Web3 bug bounty platform Immunefi issued a 90-day suspension on white hat security firm Trust Security. The decision was made after the latter accused Immunefi of unjust denial of bug bounty payment for discovering a critical bug that could potentially lead to the theft of funds.
On Nov. 12, Trust Security revealed on X that its bounty team identified a critical theft-of-funds vulnerability on a forked mainnet of an unidentified project. The proof-of-concept of the vulnerability was shared with Immunefi, which acts as a mediator between the white hats and projects to ensure bounty payments are made on credible bug identifications.
Critical bug dismissed as “out of scope” report However, the project claimed that Trust Security detected an out-of-scope bug, which would effectively disqualify the white hats from earning bounty rewards.
According to Trust, Immunefi wrongly sided with the project’s “nonsense argument” and offered a “tiny goodwill bounty” instead of the full reward for identifying critical bugs. Immunefi threatens a permanent ban on TrustSec Immunefi rebutted Trust’s claims of unjust payout and issued a 90-day suspension for “mischaracterizing the issues at hand.” The bug bounty platform also threatened to permanently ban Trust if it repeated the infraction.
Immunefi stood firm in supporting the project: “In this case, we agreed with the project because the issue was absolutely out of scope according to our standard rules. The project was generous to offer a bounty at all.” However, Trust rejected the goodwill bounty as accepting it would legally prevent them from publishing the details without approval, adding, “We rather expose the scam and warn hackers than having a few extra Ks in our pocket.”

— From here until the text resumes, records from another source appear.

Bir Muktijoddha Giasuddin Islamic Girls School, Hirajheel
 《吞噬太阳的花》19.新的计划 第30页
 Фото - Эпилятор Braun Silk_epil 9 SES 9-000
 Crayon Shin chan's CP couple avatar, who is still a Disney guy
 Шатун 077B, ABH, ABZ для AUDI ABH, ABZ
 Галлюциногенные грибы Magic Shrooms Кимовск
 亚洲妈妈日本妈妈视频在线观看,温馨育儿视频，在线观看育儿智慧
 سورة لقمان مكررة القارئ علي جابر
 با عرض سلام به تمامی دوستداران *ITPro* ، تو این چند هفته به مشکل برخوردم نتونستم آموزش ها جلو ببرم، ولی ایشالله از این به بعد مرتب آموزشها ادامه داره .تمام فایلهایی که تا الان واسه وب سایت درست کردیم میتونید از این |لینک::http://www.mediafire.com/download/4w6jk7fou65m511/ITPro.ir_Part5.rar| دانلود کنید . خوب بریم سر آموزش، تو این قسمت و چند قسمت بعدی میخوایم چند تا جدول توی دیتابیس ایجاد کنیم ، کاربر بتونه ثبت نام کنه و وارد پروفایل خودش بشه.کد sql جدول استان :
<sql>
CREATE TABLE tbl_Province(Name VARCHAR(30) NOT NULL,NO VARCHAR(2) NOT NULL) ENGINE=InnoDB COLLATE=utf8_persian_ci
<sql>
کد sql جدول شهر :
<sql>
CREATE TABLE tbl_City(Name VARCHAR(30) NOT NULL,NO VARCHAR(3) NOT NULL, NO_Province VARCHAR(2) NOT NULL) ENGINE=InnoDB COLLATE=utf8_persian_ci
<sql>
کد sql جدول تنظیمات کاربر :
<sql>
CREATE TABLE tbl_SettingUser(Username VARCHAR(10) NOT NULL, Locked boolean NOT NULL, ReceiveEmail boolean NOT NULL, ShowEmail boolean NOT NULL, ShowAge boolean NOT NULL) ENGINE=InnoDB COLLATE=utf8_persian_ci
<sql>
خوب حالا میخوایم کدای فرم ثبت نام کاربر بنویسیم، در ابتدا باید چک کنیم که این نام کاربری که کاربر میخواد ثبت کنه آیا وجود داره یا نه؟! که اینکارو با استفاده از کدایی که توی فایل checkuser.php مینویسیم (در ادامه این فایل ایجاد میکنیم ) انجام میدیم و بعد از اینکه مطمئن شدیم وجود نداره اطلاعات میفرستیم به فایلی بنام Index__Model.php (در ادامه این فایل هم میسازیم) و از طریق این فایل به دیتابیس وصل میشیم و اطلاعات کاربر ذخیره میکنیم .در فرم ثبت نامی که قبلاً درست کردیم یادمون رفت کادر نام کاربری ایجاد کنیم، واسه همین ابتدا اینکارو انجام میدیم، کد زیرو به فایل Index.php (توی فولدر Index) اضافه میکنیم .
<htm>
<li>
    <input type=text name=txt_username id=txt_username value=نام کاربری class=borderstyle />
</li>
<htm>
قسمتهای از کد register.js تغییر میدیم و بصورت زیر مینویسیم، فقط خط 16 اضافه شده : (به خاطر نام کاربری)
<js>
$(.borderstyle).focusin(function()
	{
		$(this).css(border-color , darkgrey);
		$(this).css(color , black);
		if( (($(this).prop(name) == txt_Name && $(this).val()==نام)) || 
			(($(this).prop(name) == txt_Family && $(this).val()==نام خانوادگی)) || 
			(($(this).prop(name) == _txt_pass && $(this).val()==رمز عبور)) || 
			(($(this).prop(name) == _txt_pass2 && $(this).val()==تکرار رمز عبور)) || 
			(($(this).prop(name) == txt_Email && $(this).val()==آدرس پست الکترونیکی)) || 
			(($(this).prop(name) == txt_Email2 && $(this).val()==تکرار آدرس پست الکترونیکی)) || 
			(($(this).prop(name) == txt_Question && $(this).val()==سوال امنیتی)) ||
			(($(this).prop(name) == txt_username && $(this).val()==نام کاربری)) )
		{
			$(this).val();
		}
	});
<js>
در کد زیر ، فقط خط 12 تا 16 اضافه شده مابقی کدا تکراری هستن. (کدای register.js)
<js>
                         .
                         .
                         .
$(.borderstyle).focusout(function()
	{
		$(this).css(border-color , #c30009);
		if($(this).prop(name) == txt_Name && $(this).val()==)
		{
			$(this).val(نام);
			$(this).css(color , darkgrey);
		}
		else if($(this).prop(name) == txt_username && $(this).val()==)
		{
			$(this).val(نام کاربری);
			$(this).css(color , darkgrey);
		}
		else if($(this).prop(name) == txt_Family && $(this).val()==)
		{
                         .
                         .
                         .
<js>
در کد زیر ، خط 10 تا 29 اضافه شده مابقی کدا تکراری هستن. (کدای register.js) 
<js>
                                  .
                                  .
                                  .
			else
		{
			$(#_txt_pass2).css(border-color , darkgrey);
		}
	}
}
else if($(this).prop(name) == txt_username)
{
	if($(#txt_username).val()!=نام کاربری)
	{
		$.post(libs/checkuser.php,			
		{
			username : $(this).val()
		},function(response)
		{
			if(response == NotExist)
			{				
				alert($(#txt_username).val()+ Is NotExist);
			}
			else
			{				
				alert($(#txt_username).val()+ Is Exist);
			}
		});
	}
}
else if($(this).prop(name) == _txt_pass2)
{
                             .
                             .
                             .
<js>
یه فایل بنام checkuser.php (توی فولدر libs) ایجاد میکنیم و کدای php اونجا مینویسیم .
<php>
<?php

Additionally, Trust urged for greater transparency and openness: “We’re going public because the shady, ultra-secretive behavior we’re seeing from projects and some bounty platforms goes directly against the Web3 ethos and the white hat community.” Some crypto community members on X questioned Immunefi’s decision to impose a ban on Trust instead of engaging in a constructive dialogue. Immunefi did not respond to Cointelegraph’s request for comment. In October, Evmos Blockchain paid a $150,000 bounty reward to a security researcher who identified a critical bug by reading the Cosmos Network documentation.
According to the pseudonymous Spearbit security researcher jayjonah.eth, the critical bug could have halted the Evmos blockchain and all decentralized applications built on it.